Very famously, in 1976, the Ogiek community protests put an end to government-approved logging of the indigenous red cedar trees here.
The trees, felled some 44 years ago, still lie perfectly untouched on the ground in Loboot village.
While the Ogiek are an asset to the conservation of the forested area within the park, their dispute with the government over their rights to the forested land has been a long-running one.
“In many indigenous communities, governments have always used an excuse of environmental destruction to evict residents, and that was the same thing they said about our community,” Peter Kitelo, co-founder of the CIPDP, told IPS.
“However, we have proved them wrong, and when the case is finally determined, we are very hopeful that we will emerge victorious,” he said.
The 3D mapping, according to Owino, is in line with the Whakatane Mechanism, an IUCN initiative that supports the implementation of “the new paradigm” of conservation. It focuses on situations where indigenous peoples and/or local communities are directly associated with protected areas and are involved in its development and conservation as a result of their land and resource rights, including tenure, access and use.

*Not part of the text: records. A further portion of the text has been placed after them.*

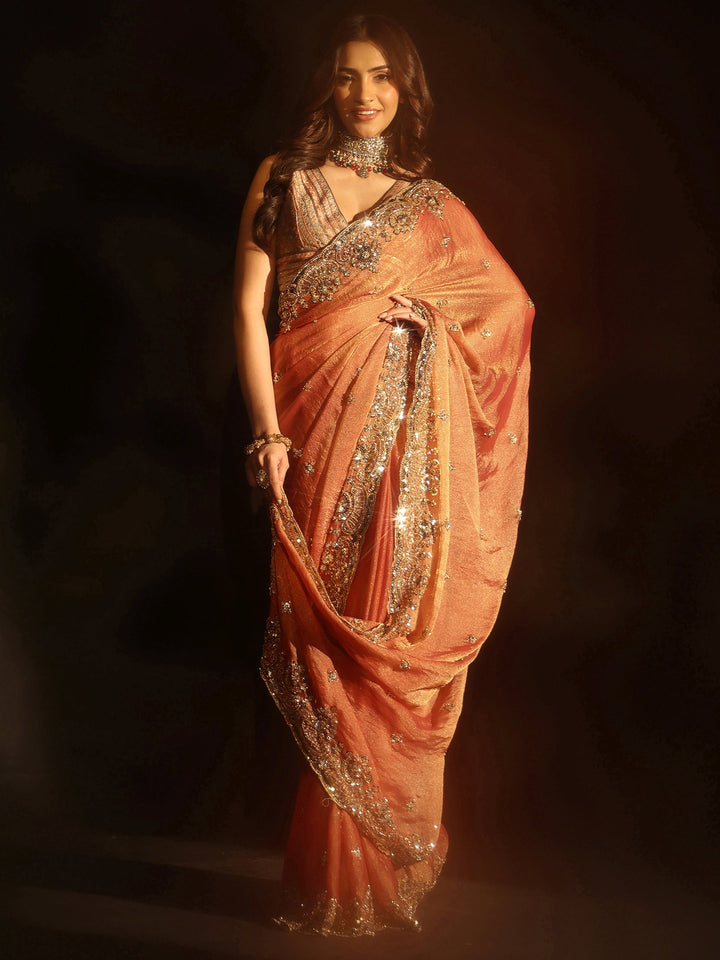 Libas Peach Floral Embellished Tissue Saree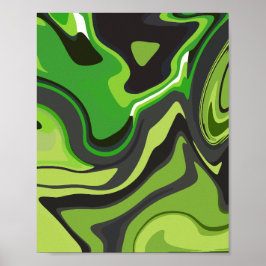Poster Padrão Abstrato Verde Fluido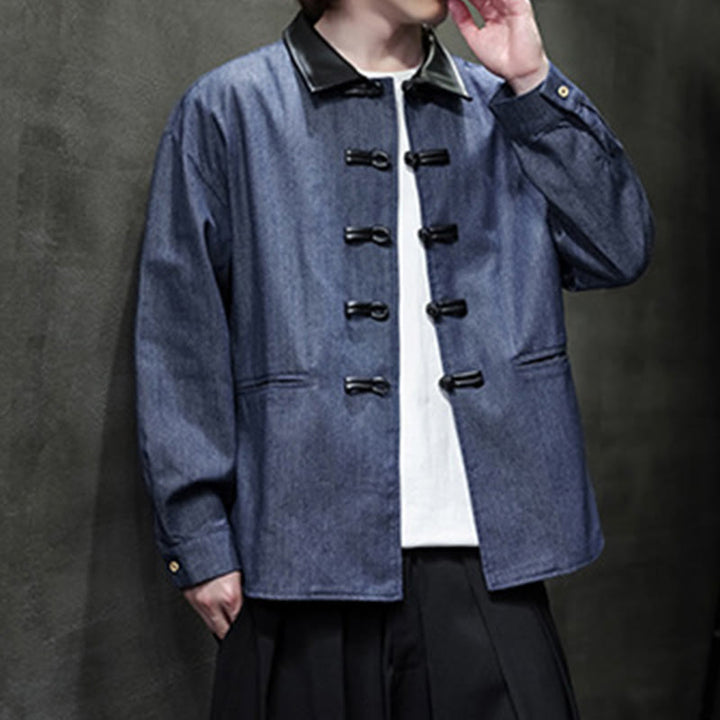 Camisa de algodón de manga larga con botones de rana y bolsillos para hombre de Buddha Stones - image 5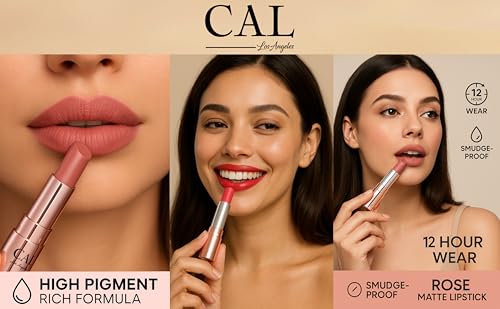 Image of CAL Losangeles Bullet Matte Lipstick, Long Lasting & Smudge Proof Lip Color for Womens Everyday Use with Nourishing & Hydrating Formula, Lipsticks for Girls /Women(Rich Orchid)
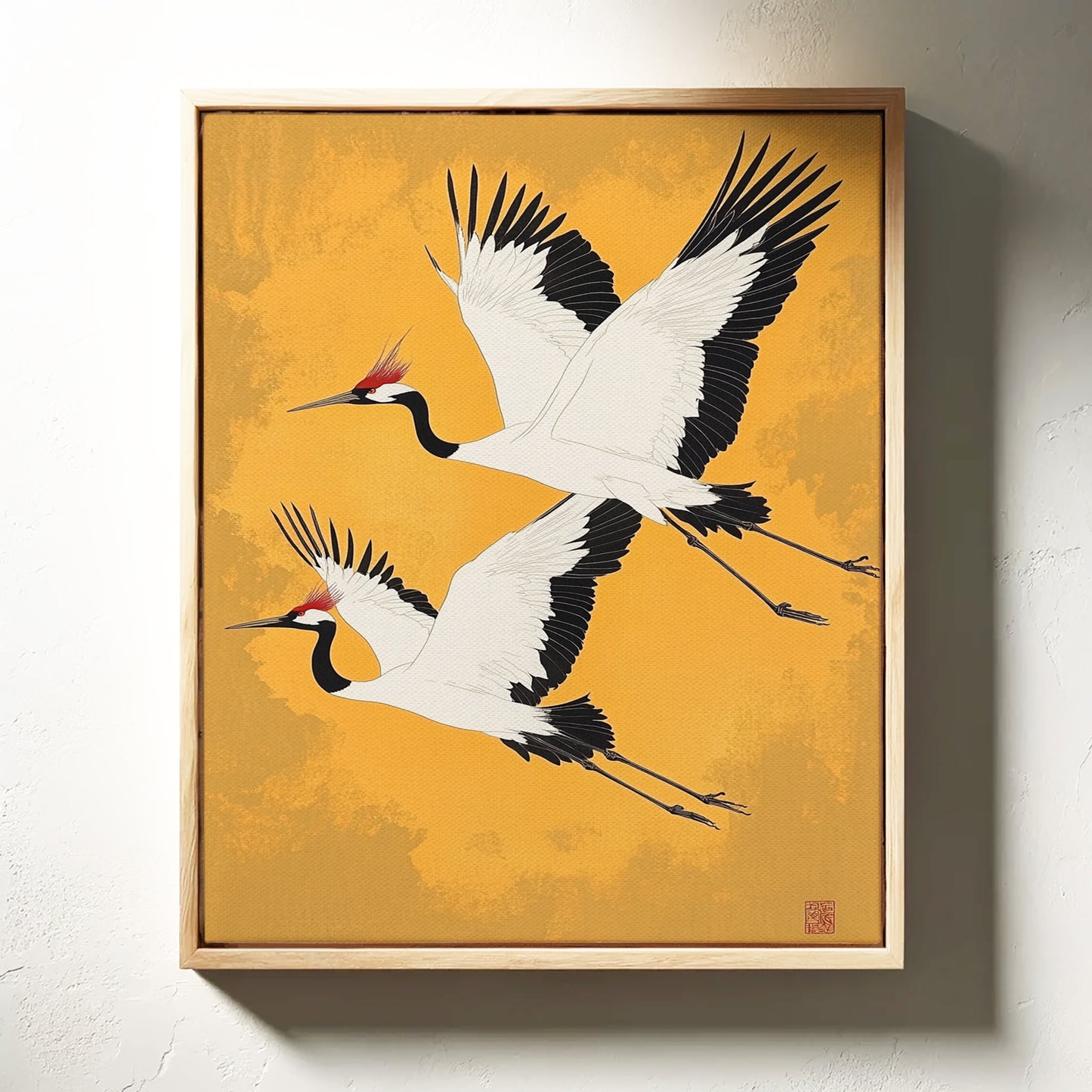 Japanese Red-Crowned Cranes – Elegant Minimalist Wall Art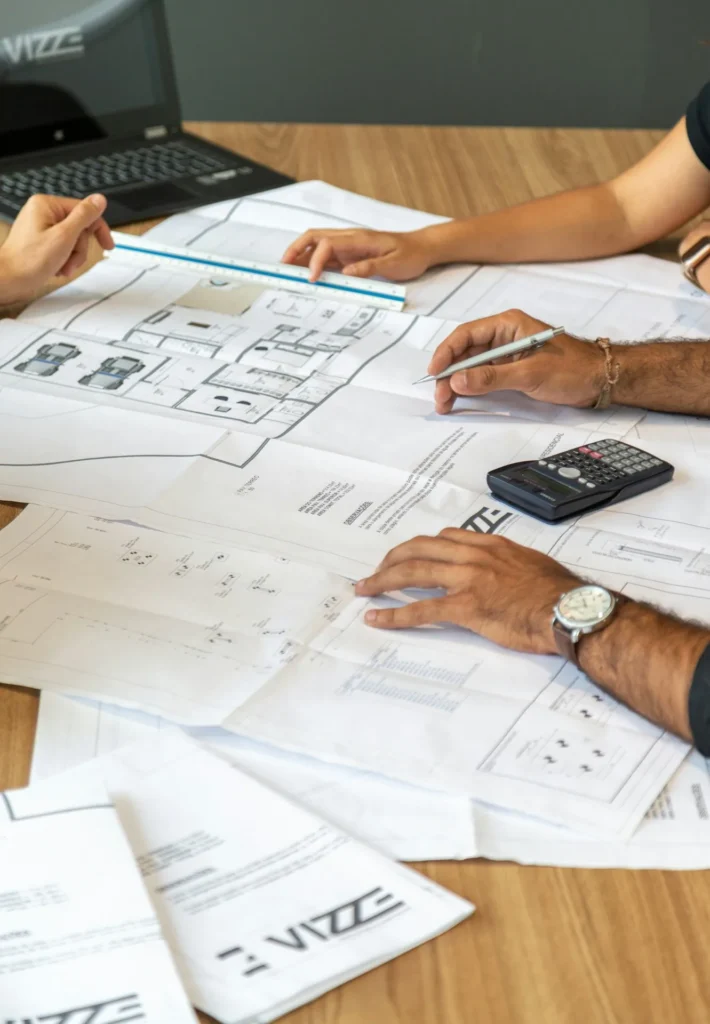 Architectes en train d'examiner ensemble des plans d'architecture sur un bureau de travail.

There are previous examples of P3DM mapping proving successful among another Ogiek communities — those in the Mau Forest.
The CTA further reported that a rich P3DM portfolio of outputs, including reports, papers and maps, have been used at international forums to document the value of local/indigenous knowledge in sustainable natural resource management, conflict management and climate change adaptation, and in bridging the gap between scientific and traditional knowledge systems.
In addition to the 3D map, the Ogiek community is already working with the National Land Commission of Kenya, an independent body with several mandates. Among them is the mandate to initiate investigations, on its own initiative or based on a complaint, into present or historical land injustices and to recommend appropriate redress.
“Once completed, the 3D map will be a very important tool for this community because apart from effective management of the natural resources in Chepkitale, we will use it as an instrument to prove how we have sustainably coexisted with nature for generations,” said Kitelo.
The Ogiek community want their territory officially recognised as community land provided for by Kenya’s new constitution, particularly in relation to the Community Land Act, 2016, which provides for the “recognition, protection and registration of community land rights; management and administration of community land”.
According to elderly members of the Ogiek community, the forest is their main source of livelihood.
Inside the forest, the community keeps bees for honey production, which is a major part of their diet apart from milk, blood and meat. They also gather herbs from the indigenous trees, shrubs and forest vegetation, and feed on some species found in the forest. Their diet is not limited to bamboo shoots, wild mushrooms and wild vegetables such as stinging nettle.
“Since I was born 72 years ago, this forest has always been the main source of our livelihoods,” Chemwotei Muranga told IPS.
Now, armed with traditional knowledge of forest management and conservation of natural resources, community-based rules and regulations, and provisions within the country’s new constitution and the Community Land Act— they hope to be doing so for centuries to come.
“Living in such a place is the only lifestyle I understand,” Chemwotei Muranga said.
The inclusive approach of supporting indigenous peoples and local communities in conservation will be a major focus at the IUCN World Conservation Congress in Marseille, France, next January. The topic falls under one of the main themes of the Congress, “Upholding rights, ensuring effective and equitable governance” with sessions aiming to discuss and provide recommendations for how the conservation community can support the existing stewardship of indigenous peoples and local communities.